Starting with the line that contains "Anti-RPA1 Antibody from" and ending with the last line of the listing, print each line exactly. Pictures stay out.

──────

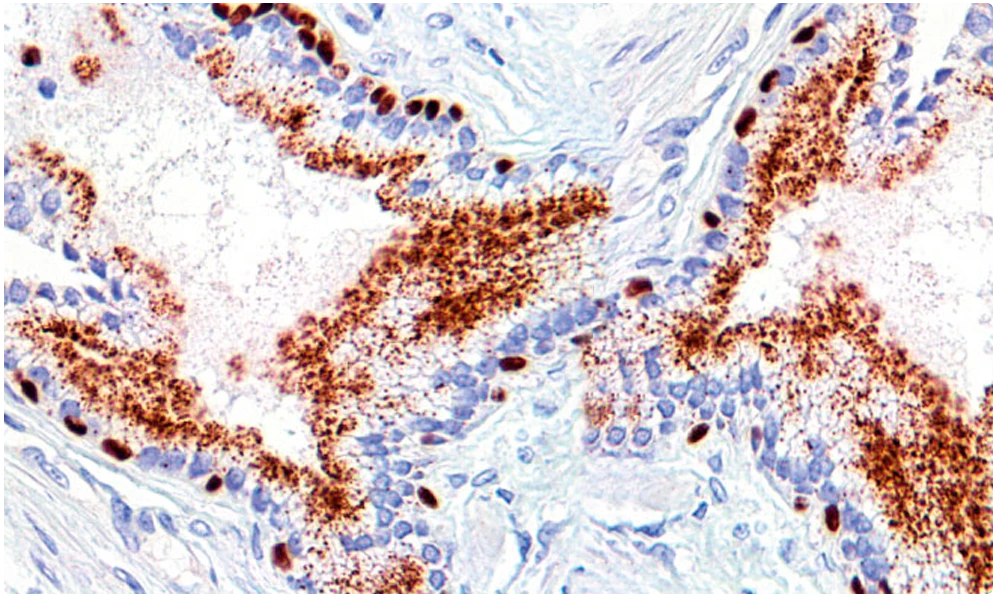 Cabeceras Uropatologia
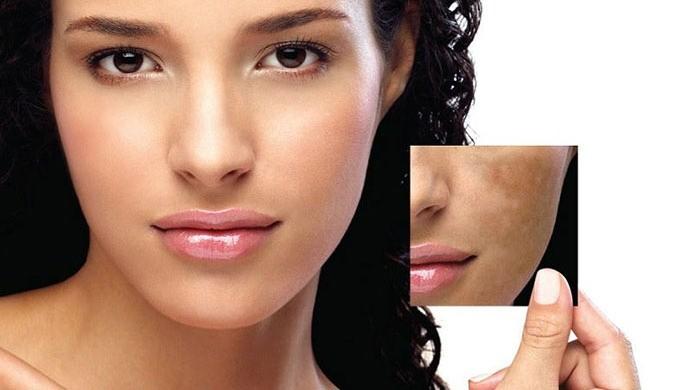 Melasma
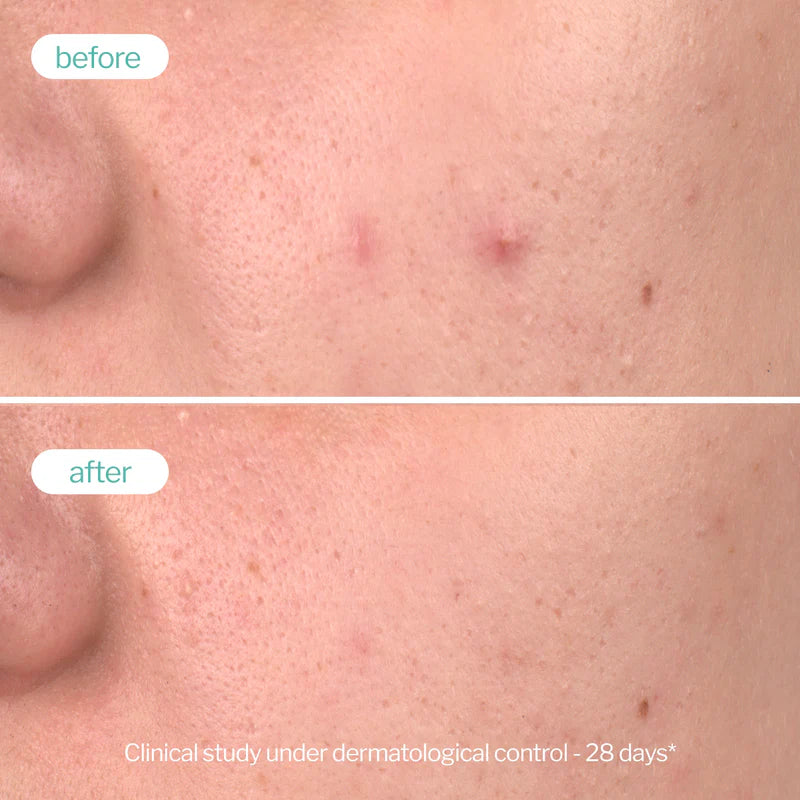 Novexpert Clear Skin piling serum – Dupla obnova za čist ten, manje nesavršenosti i anti-age efekat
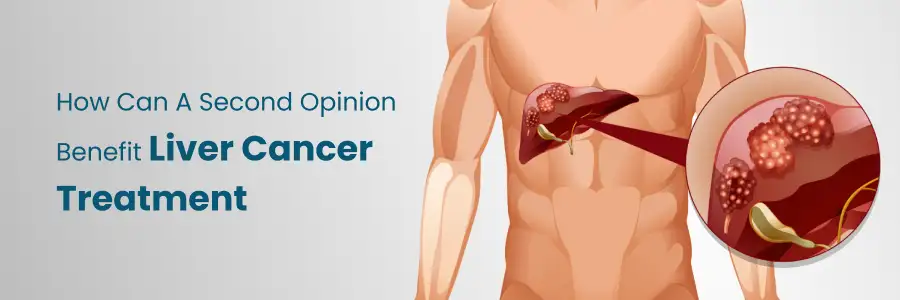 How Second Opinion Benefits Liver Cancer Treatment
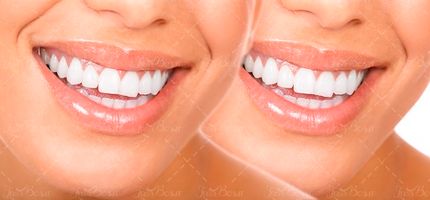 جرم گیری دندان ،دندان پزشک2 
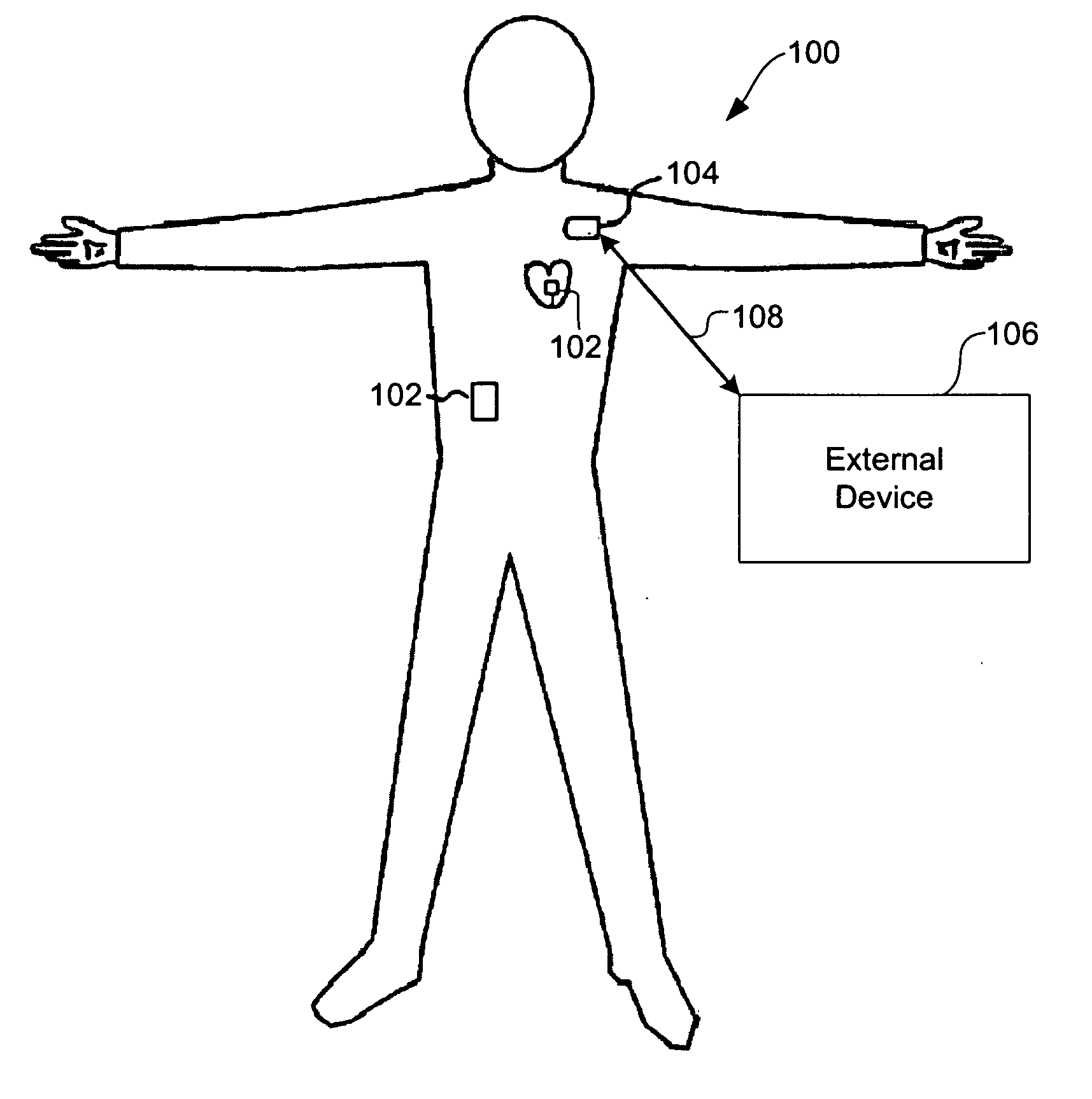 Systems and methods for timing-based communication between implantable medical devices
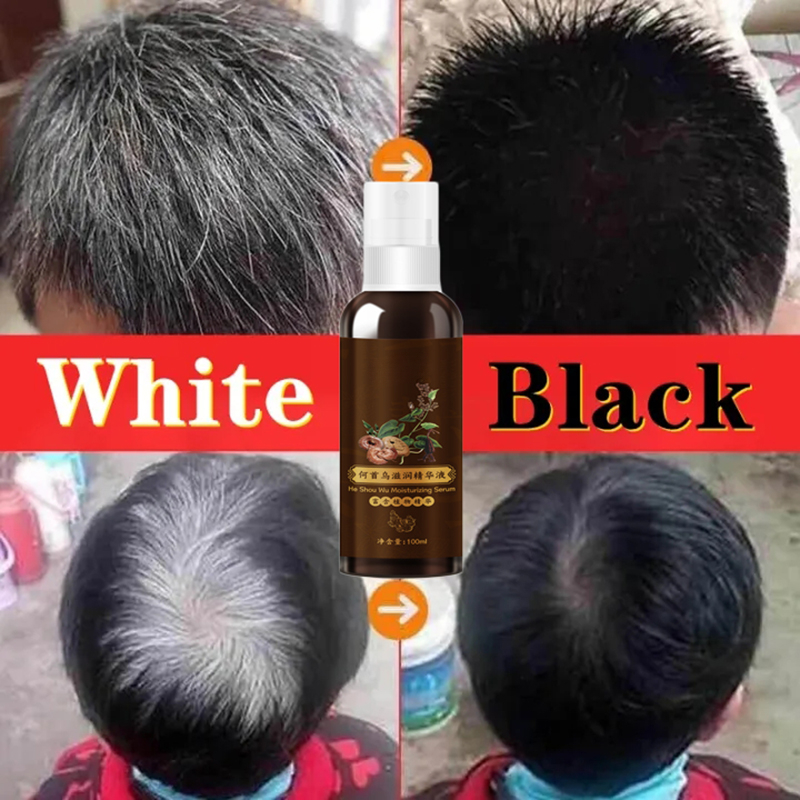 100ml Polygonum Multiflorum Na - Hair Spray Color review and price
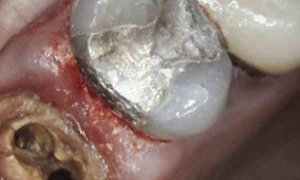 medium_Before-Tooth-in-a-Day-Treatment-300x300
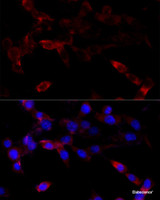 Immunofluorescence analysis of NIH/3T3 cells using CYP1B1 Polyclonal Antibody at dilution of 1:100 (40x lens) . Blue: DAPI for nuclear staining.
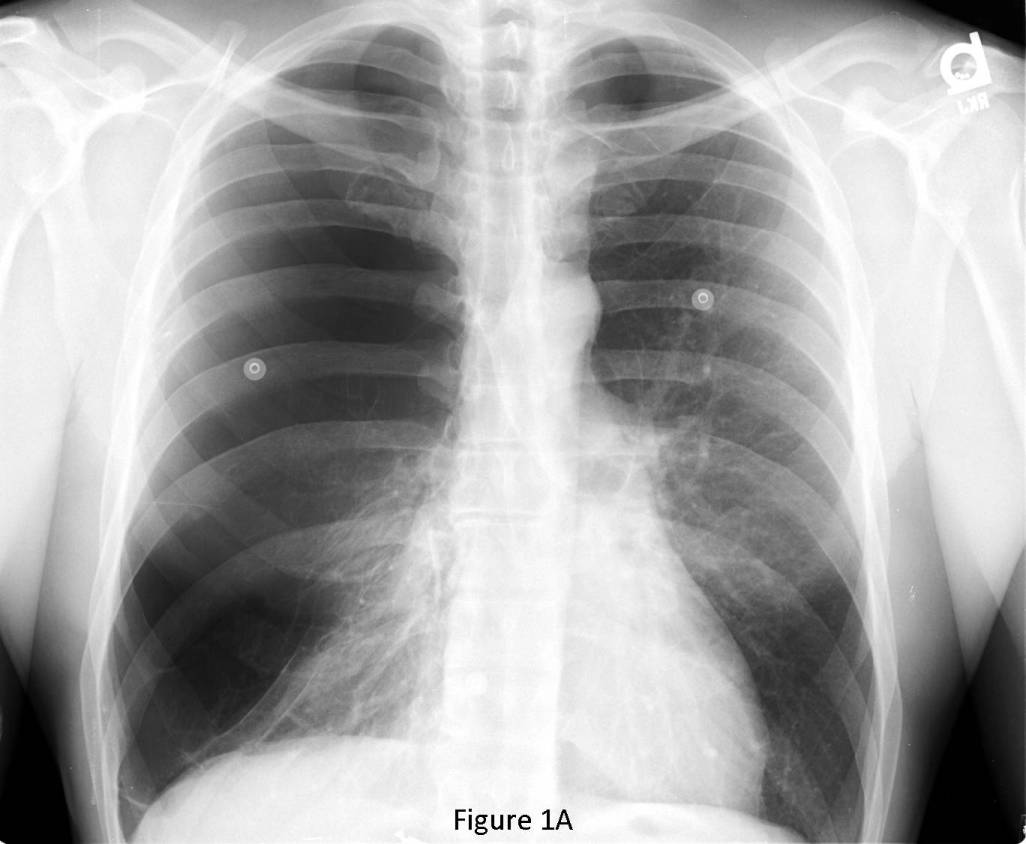 Radiograph 3 from archived case 70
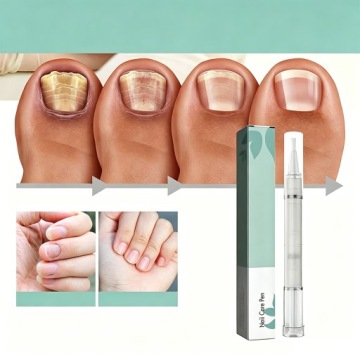 4x NAIL CARE PEN — ручка-фломастер, СТИК ДЛЯ УХОДА ЗА НОГТЯМИ, 4 мл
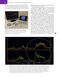 Management of Post-Facial Paralysis Synkinesis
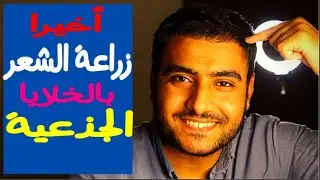 زراعة الشعر بالخلايا الجذعية الحلم المنتظر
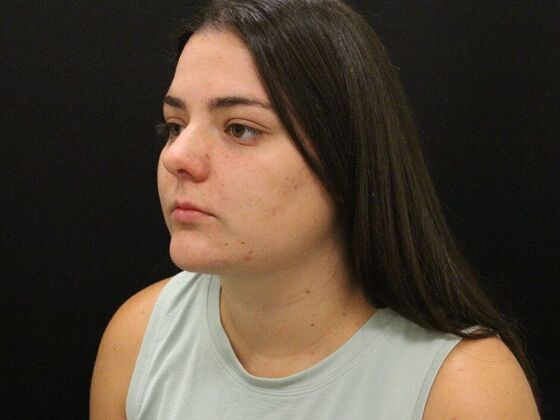 Face & Neck Lifts: Case 42 - After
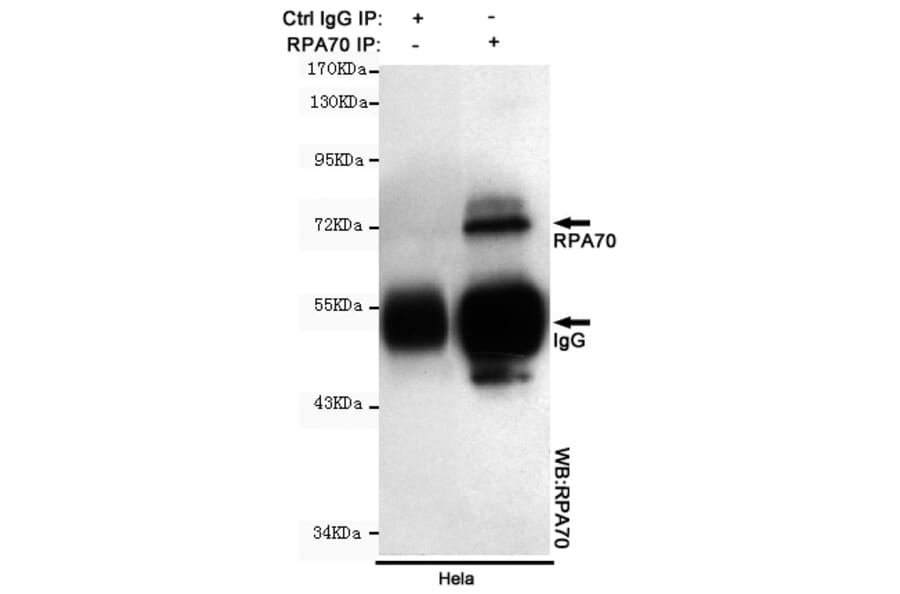Anti-RPA1 Antibody from Bioworld Technology (MB0164) - Antibodies.com
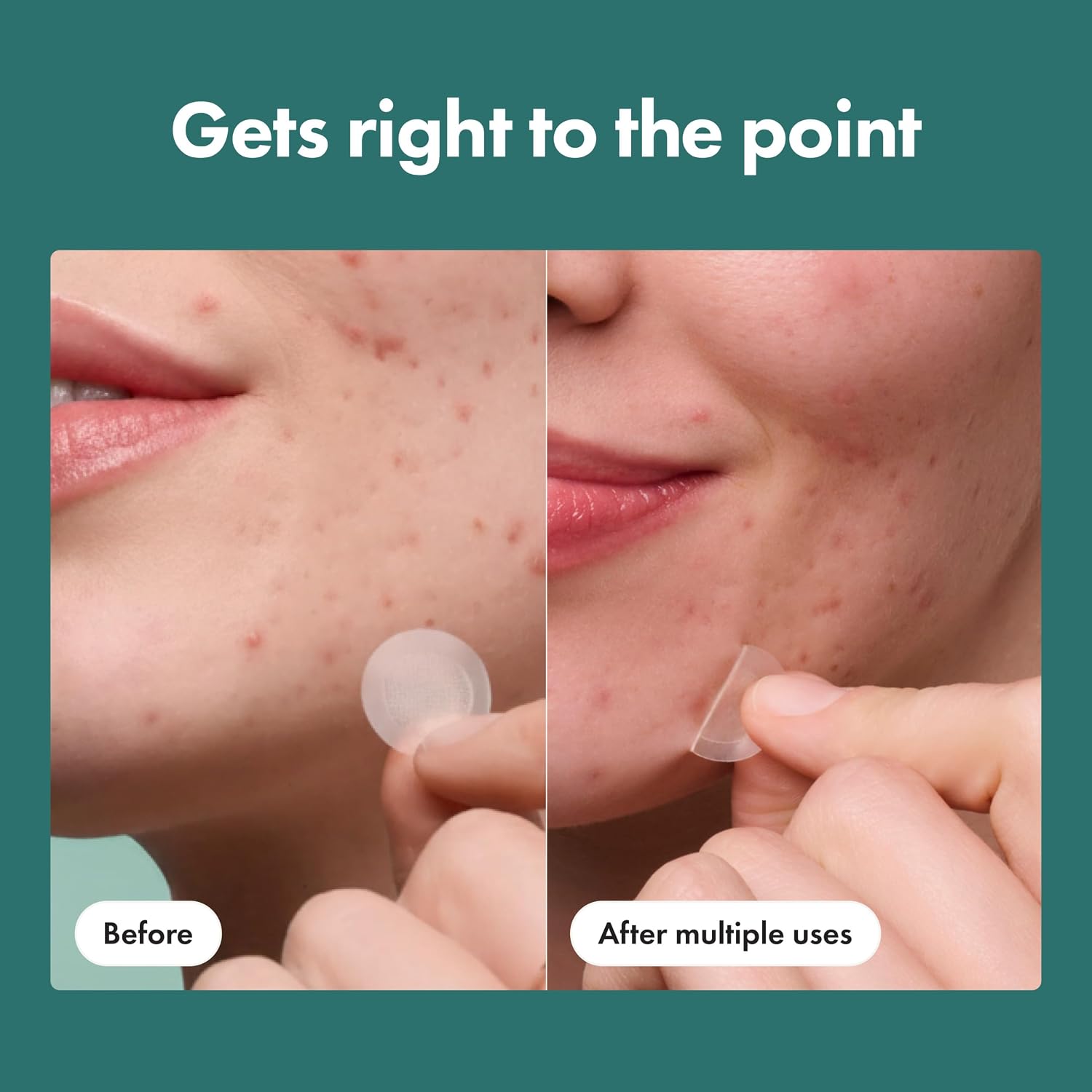 Detalle de Hero Cosmetics Mighty Patch Micropoint Acne Patches, 8 Count, 395 Micropoints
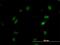 Serine/threonine-protein kinase OSR1 antibody, H00009943-M16, Novus Biologicals, Immunocytochemistry image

──────

RESPONSE
Anti-RPA1 Antibody from Bioworld Technology (MB0164) - Antibodies.com
 Detalle de Hero Cosmetics Mighty Patch Micropoint Acne Patches, 8 Count, 395 Micropoints
 Serine/threonine-protein kinase OSR1 antibody, H00009943-M16, Novus Biologicals, Immunocytochemistry image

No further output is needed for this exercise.